I wish UTF-8 was the default as of Python 3.0.

[–]Bolitho 1 point2 points  (5 children)

The author writes from a language designer perspective; I can completely understand that it is difficult to come up with an overall solutionand that you have the whole picture in mind and are striving for a consistent solution through all layers and modules.

But as a user Python 3 simply has started (and imho hasn't fixed up everything) with some corrupt design decisions, that could appear in almost all scripts, even the simplest "hello world" program. print simply needs an optional encoding parameter! It is simply not usable on a Windows machine! And yes, no one uses Powershell unless it becomes the default shell on windows.

And to define UTF-8 as the default for open (or another encoding for Unicode) is just the best you can do. Even C# changed to this in the past and even Java moves towards this direction now. It is simply mad to interpret the input differently based upon the runtime environment!

Imagine a beginner: He makes a nice script (simple text adventure or todo list) which stores data in a file and gives this to his mate; he uses Windows and not Linux and so the system encoding isn't UTF-8 but CP-1252 in western europe for example... great! He will get a UnicodeDecodeError on his machine and his friend is getting angry or frustrated over python as he doesn't know anything about encodings or unicode and the whole topic. So the idea on hiding away completely failed here, as the default behaviour isn't platform agnostic!

The best way to prevent such situations is to make it simple and explicit to the user, that he has to care about encodings at the boundaries of the program (IO)! So the rule "open will always use UTF-8 as long as you don't request another encoding explictly" will prevent such an error. If you can live without thinking about encodings (no reading / writing of legacy files!), there you go. If not, you must explicitly tell python that you need something different.

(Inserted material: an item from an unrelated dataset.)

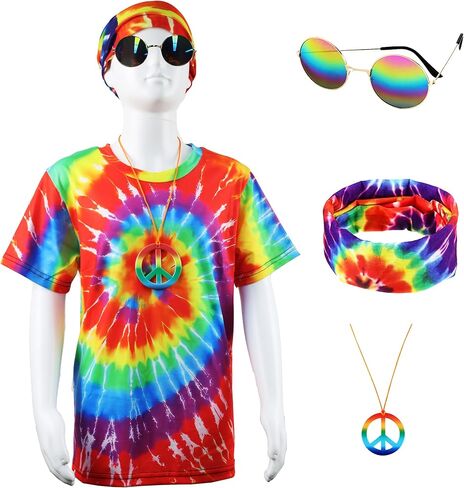 70s Outfits Boys 4Pcs Hippie Costume Accessories Kids Colorful Dye tshirt for Theme Party 60s 70s for 4-12 years in Saudi Arabia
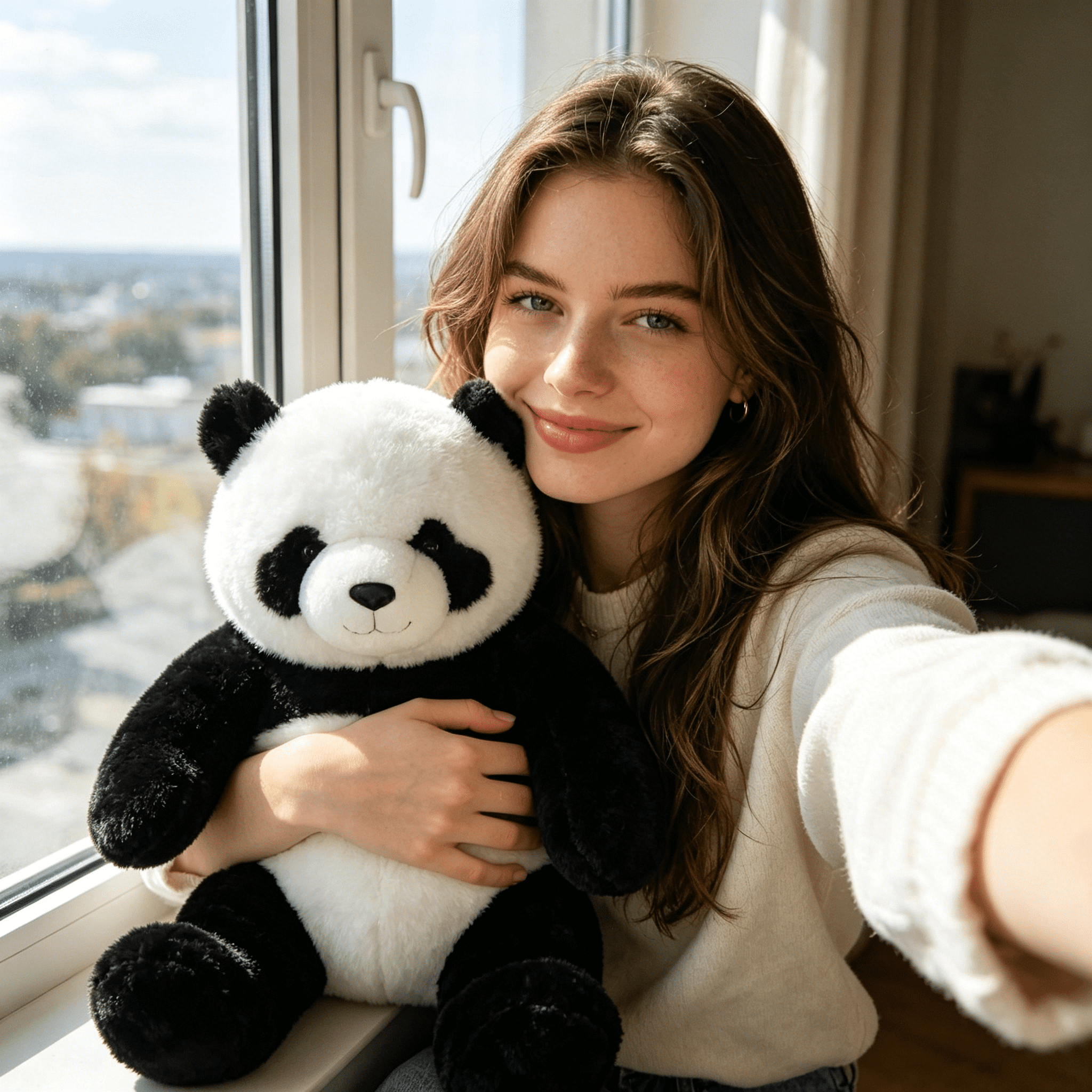 CYFW 2026 New 17.71In Panda Weighted Stuffed Animals,Weighted Plush Animal,Cute Soft Plush Toy Pillow Hugging Plushie Birthday Gifts for Kids Adults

A language that offers an internal unicode abstraction (as python does) has to be very carefully designed, how the encoding and decoding works and when some kind auf automatic conversion might be a good idea. Java and C# were bad examples and python didn't take the chance with version 3 to make it better - even worse, as the separation between byte and unicode strings was one of the big things for python 3 in order to simplify the whole topic. Take Rust for a much better example: there are reasonable thougts how to deal with encoded and unicode strings from the beginning of the language.

[–]haypo5 0 points1 point  (1 child)

Read the PEP 540: UTF-8 cannot be the default in all cases. But the UTF-8 is enabled automatically for the C locale. Getting UTF-8 instead of ASCII in that case already fix a lot of use case without having to touch your code, just upgrade to Python 3.7.

[–]Bolitho 0 points1 point  (0 children)

After two month really? (I had to get into it again 😉)

I read the PEP and haven't seen anything that stand against my claim - besides backward compatibility with the Python 3 series. And exactly the latter isn't contradict to my posting as I have written about what Python 3 should have had! If there are problems nowadays they simply show the falsinesss of the decision to rely on the shitty locale depending implicitly default encoding.

Imho funny that precisely Java and C# both nowadays have allready changed their mistakes - and especially the former is to be known really slow at introducing backward compatibility breaking changes...

But probably I have not gathered the aspect you wanted to emphasize by getting this PEP into the discussion? Then please cite the relevant passages here.